AIDEA’s bonding authority for the Interior LNG project and distribution system expires June 30; the bills extend that expiration date by five years to June 30, 2023.

Bonding

SB 176 and HB 331, administration bills to bond for payment of oil and gas tax credits, would pay companies which agree to accept funds from the bonding at a discount to cover the state’s costs. SB 176 was passed out of Senate Resources in late March and is now in Senate Finance. A hearing in that committee had not yet been scheduled when this issue of Petroleum News went to press.

HB 331 had a first hearing March 30 in House Resources; a second hearing is scheduled in that committee April 6.

Industry has expressed concern over the discount rates the state is proposing but supports the idea of paying off the credits sooner rather than later.

Revenue said in the fiscal note accompanying the bill that some $800 million in tax credits awaited state repurchase at the end of calendar year 2017 and said although most cashable tax credits were repealed by the Legislature in 2017, it will take time for the remaining credits to work their way through the system. The bill allows the state to bond for as much as $1 billion to pay credits, with that amount to be determined by the number of companies that commit to the discounted purchase by the state.

Updated spill fines

Rep. Andy Josephson, D-Anchorage, co-chair of House Resources, told House Finance March 29 that HB 322 is fundamentally an update of spill fees and penalties and said it grew out of natural gas spills in Cook Inlet last year.
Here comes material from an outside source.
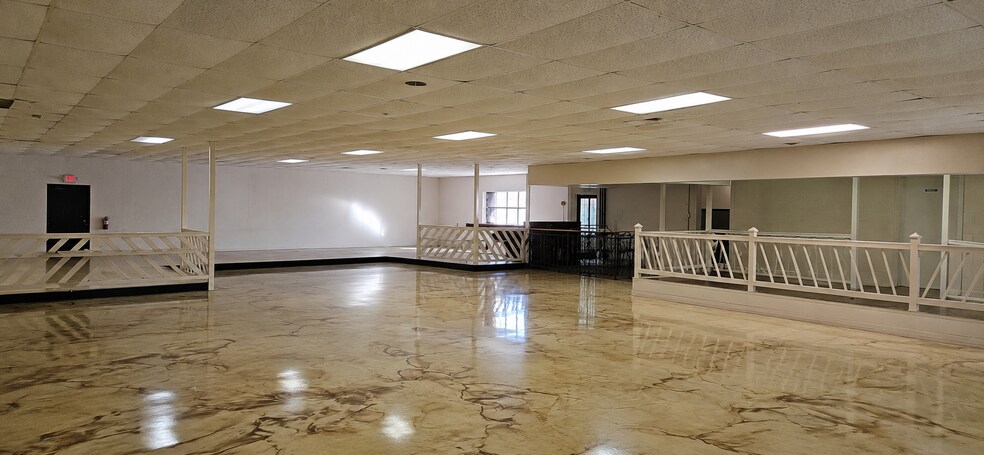 More Photos Of 302 W Colonial Trail Hwy, Blackstone Freestanding For Lease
Josephson said he asked Kristin Ryan, director of the Department of Environmental Conservation’s Division of Spill Prevention and Response, if there was any authority the division needed, and was told they had what they needed for the gas spills incident, but that spill penalties legislation hadn’t changed since the 1970s and 1980s.

Josephson said SPAR has had penalties for decades but those haven’t been updated and inflation has severely undercut those penalties. The result is that SPAR doesn’t have a very big stick, he said.
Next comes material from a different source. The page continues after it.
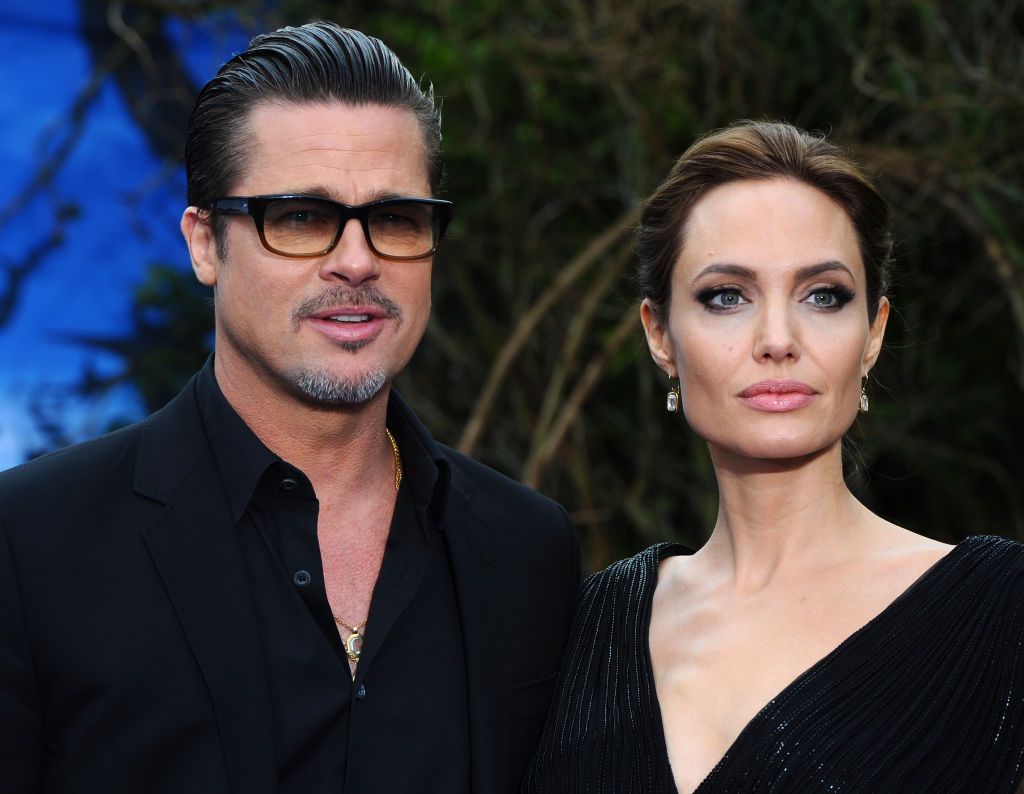 
	Angelina Jolie și Brad Pitt, în război pentru castelul Miraval, din Franța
Spills have continued, but the state’s ability to penalize responsible parties has diminished very significantly, Josephson said.

He characterized the bill as mostly an adjustment of fines to 2018 dollar values, but said it also sharply increases penalties for continuing spills to motivate parties to deal with them. Penalties are tied to the consumer price index, so they increase without a requirement for SPAR to come back to the Legislature on that issue, he said.

The bill gives SPAR the ability to level administrative penalties, which means the department wouldn’t have to go to court to get those penalties. It also requires trucking companies transporting crude oil to submit contingency plans they prepare for the federal government to DEC.

Asked about the derivation of the bill, Josephson said when he was told penalties could use some updating he and his staff began working on the issue with the assistance of leg legal and a state assistant attorney general. The bill moved out of House Resources in mid-February on a party-line vote.

Ryan told the committee that the legislation would add the ability to include deterrents when considering penalties, something the division can’t currently do. Existing language in statute says “but not punitive” which is removed in the bill. She said punitive is allowed in other environmental areas such as air or water violations - only for oil spill penalties is punitive not allowed.

Increase in penalties

The minimum civil penalty for illegal discharges of less than 18,000 gallons was established in 1976 and never raised. For an initial violation the minimum is $500 ($2,118 in 2018 equivalent) with $1,000 proposed; the maximum was set at $100,000 ($423,581 would be the equivalent) with $200,000 proposed.

The real increase in this example, as in other areas of the bill, is for each day after the violation: The original was $5,000 ($21,179 in 2018 dollars); $25,000 is proposed.

Civil penalties for crude oil spills of more than 18,000 gallons were set at a minimum for 420,000 or fewer gallons of $8 per gallon in 1989 ($15.64), with $16 proposed; the maximum, for more than 420,000 gallons, was $12.50 ($24.44 in 2018 dollars), with $25 proposed.

The bill also includes produced water as crude oil in calculating civil penalties.